SOCAP11 Panelist Spotlight: Lenora Suki, Smart Cities Advisors

SOCAP August 23, 2011

What is your role in the Social Capital Market?
Smart Cities Advisors is an intermediary and advisor. We’re also building an online knowledge portal for social entrepreneurs in urban built environment aimed at information exchange, network building, knowledge creation, capacity building and leadership development.
How might we re-imagine resources to create self-sustaining and thriving local communities?
First, cities in rapidly growing developing countries need to start seeing slums as potential assets, places where innovation and industry often already exist, and the people who live there as contributors to sustainable community and economy. Urban investment models have to recognize these values.
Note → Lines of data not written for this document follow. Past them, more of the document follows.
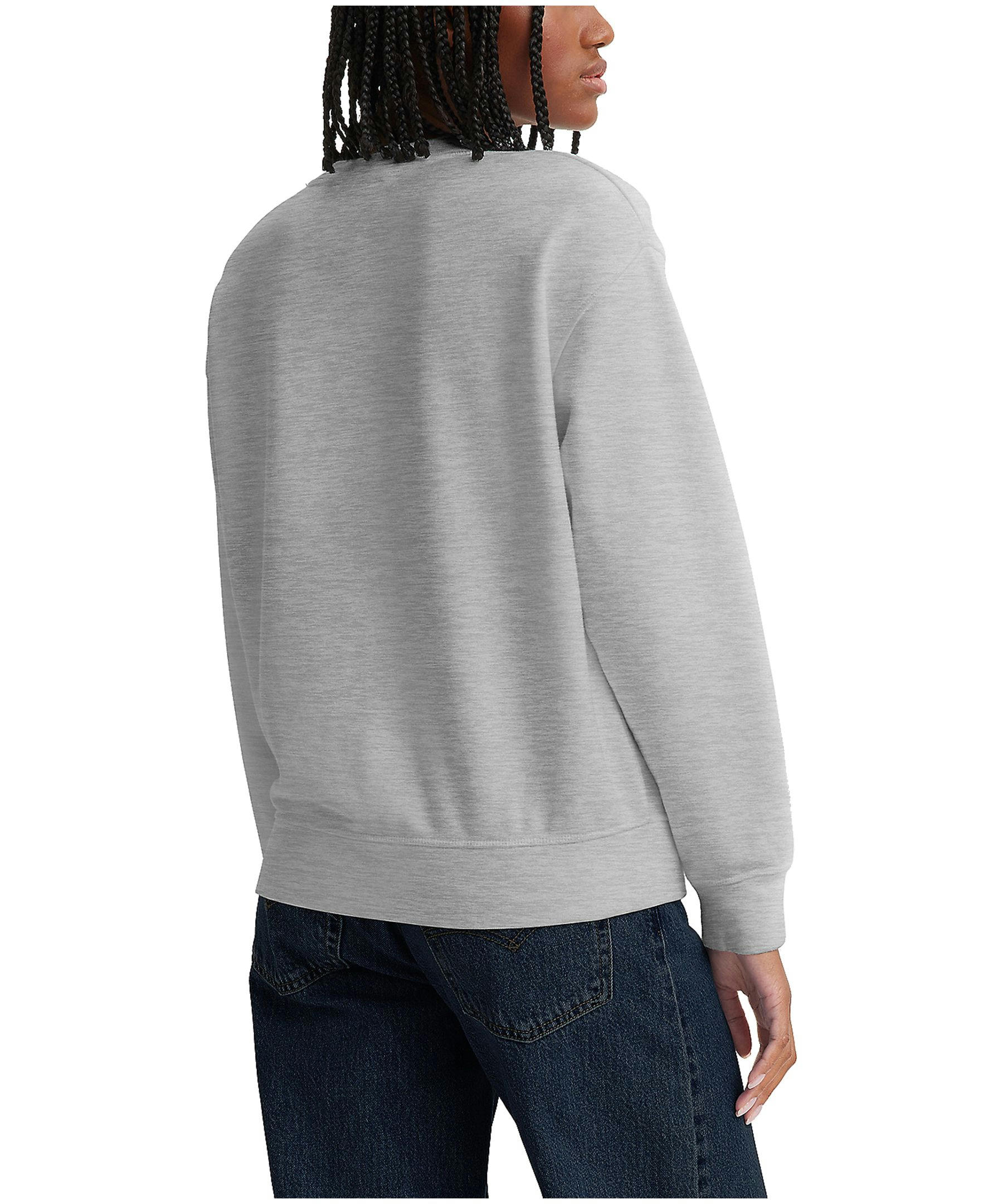 Levi's Women's Cozy Graphic Crewneck Sweatshirt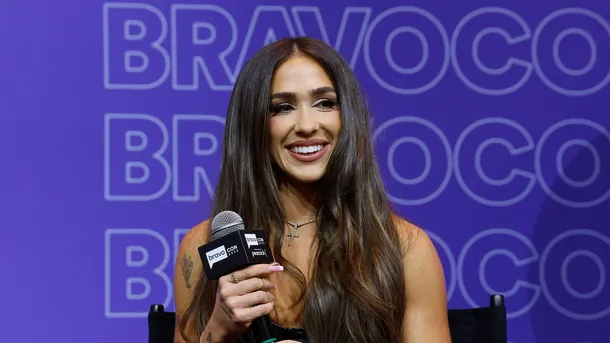 Ariana Biermann Sparks Reunion Rumors With Hudson McLeroy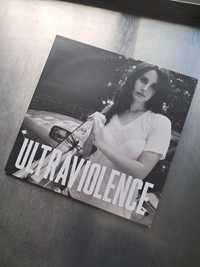 Winyl Lana del Rey Ultraviolence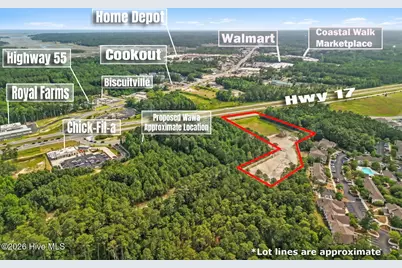 2950 Frontage Road NW, Shallotte, NC 28470 - Photo 2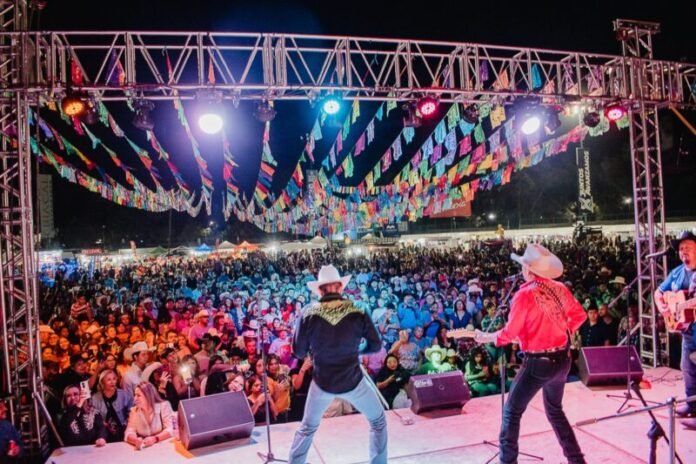 Turismo y grandes eventos han generado movimiento económico y convivencia en Camargo: Jorge Aldana
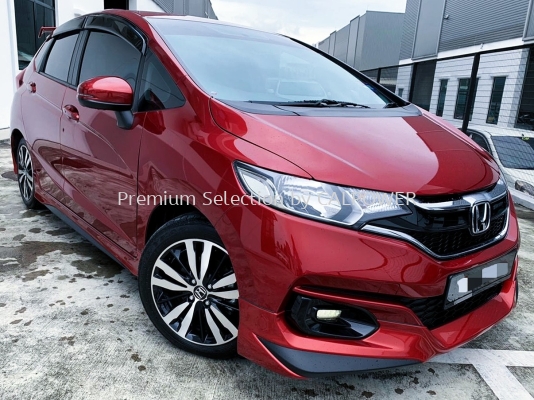 2021 Honda JAZZ 1.5 V (A) MUGEN PADDLE SHIFT FUL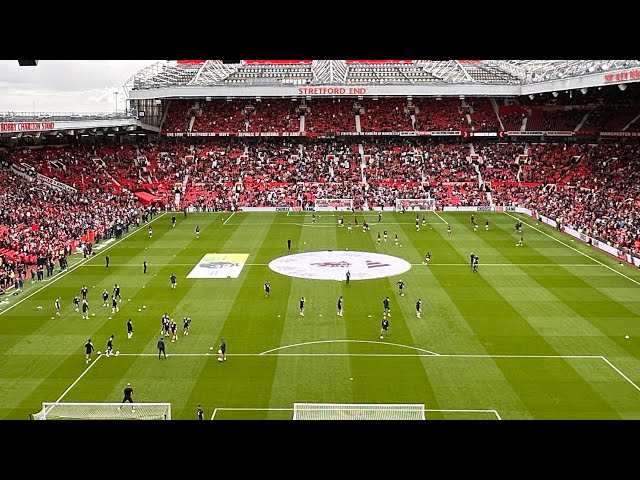 Manchester United vs Ipswich Town, 5-2 highlights 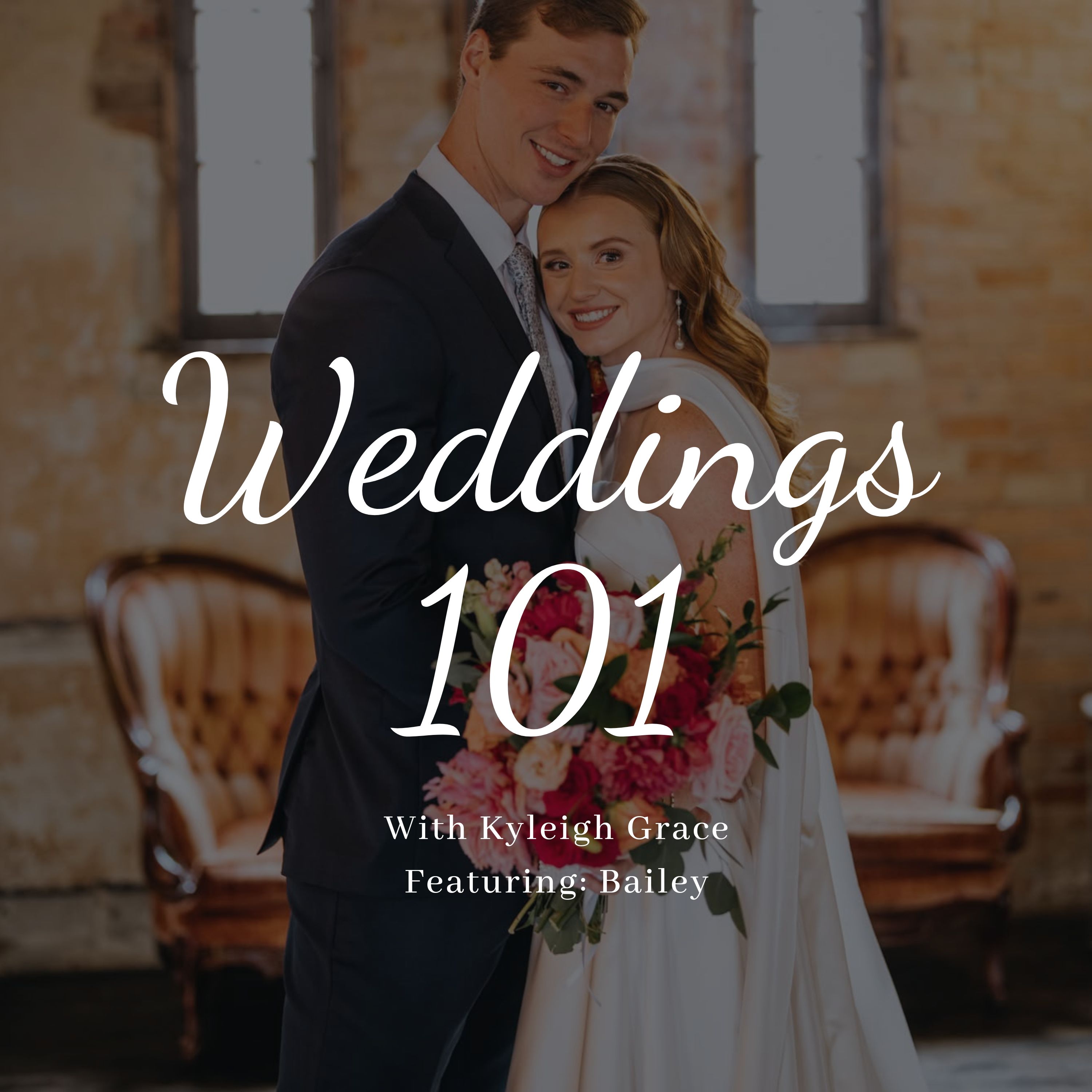 Planning a Wedding From Another State: A Real Bride's Minnesota Wedding Story | Ep. 064 episode artwork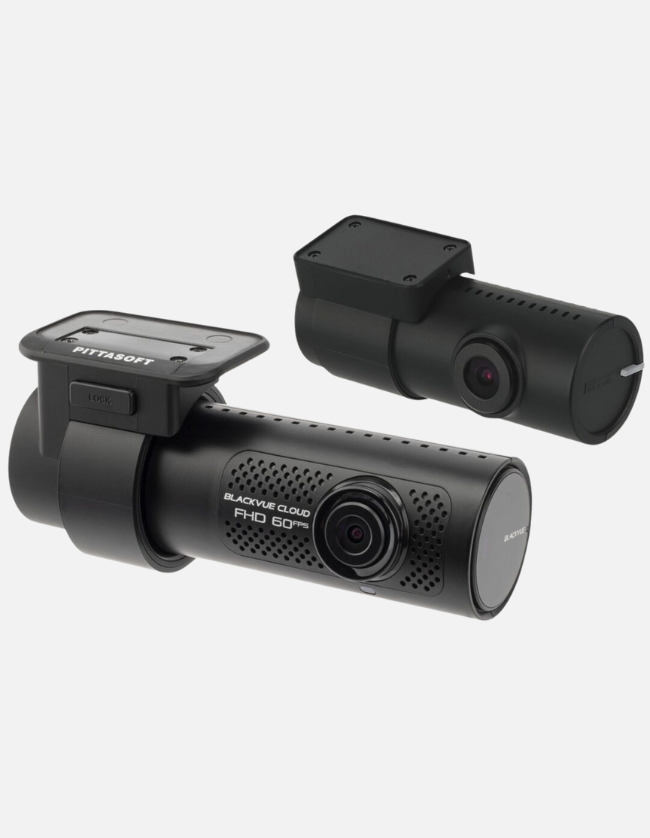 Blackvue DR770X Plus MkII 2-Channel Dash Camera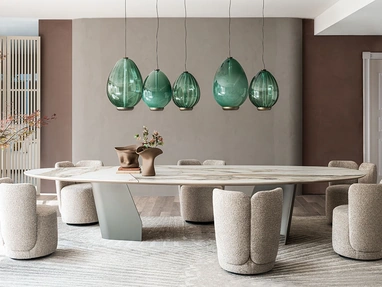 Britney Turn Chair by Cattelan Italia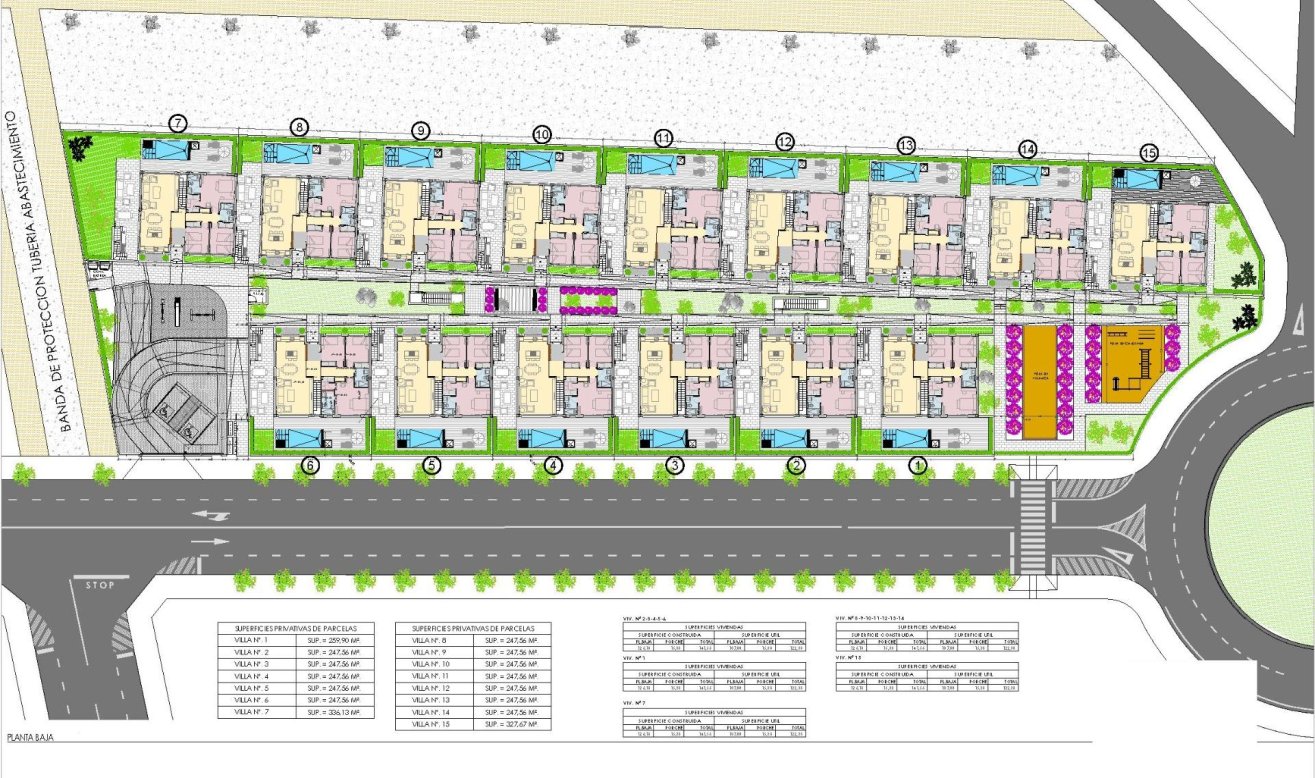 Obra nueva - Villa - Torrevieja - Sector 25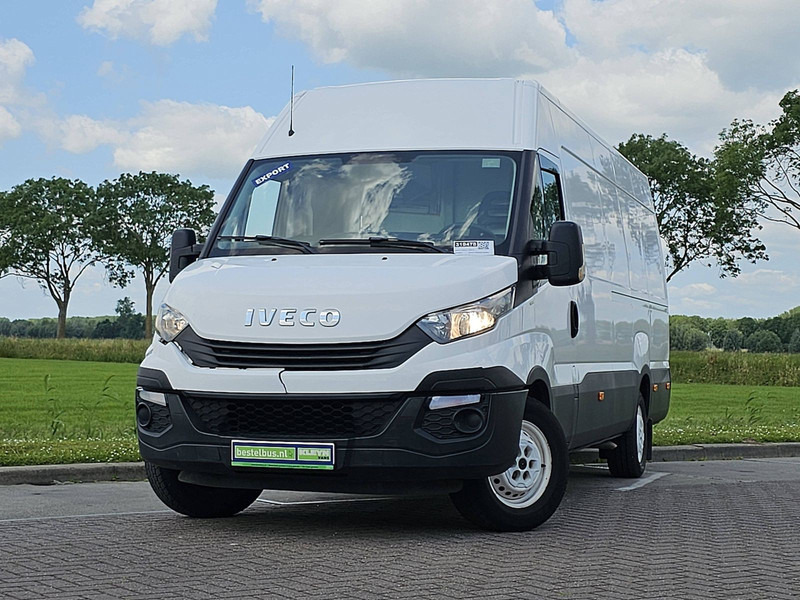 Iveco Daily 35S12 maxi EURO6 export - Furgón: foto 1 Iveco Daily 35S12 maxi EURO6 export - Furgón: foto 1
Second, urban affordable housing must be a multidisciplinary pursuit – more than just a physical infrastructure or a design-and-technology solution. Lower and moderate income communities need a range of complementary amenities like social, market and community infrastructure, as well as jobs, education, health and economic development services. These are investments in safer, healthier, more dynamic and more economically active communities, which become resources for our growing cities.
Impact investors can be supporting the urban enterprise pioneers who are thinking about bigger definitions of the words “asset,” “housing” and “community.”
What does Money + Meaning = to you? What should the social capital market stand for?
Money + meaning is about the reality of our increasingly interconnected world.
We’re all living through exceptional market volatility that was touched off by irresponsible business and investment models – in some cases, models that purported to build wealth for lower income communities.
Investing with meaning requires understanding that the consequences of our business and investment decisions reach beyond our standardized, parochial analyses of risk and return.
The social capital market also differentiates and innovates by being inclusive, and not just of the beneficiaries and end users we all talk about helping. It also needs to be inclusive of different types of donors, investors, entrepreneurs, enterprises and intermediaries. It’s more than a trade or a transaction, and much can be accomplished across disciplines. So, the social capital market has to get better at identifying itself with transparency and an open flow of information for decision-making and relationship-building.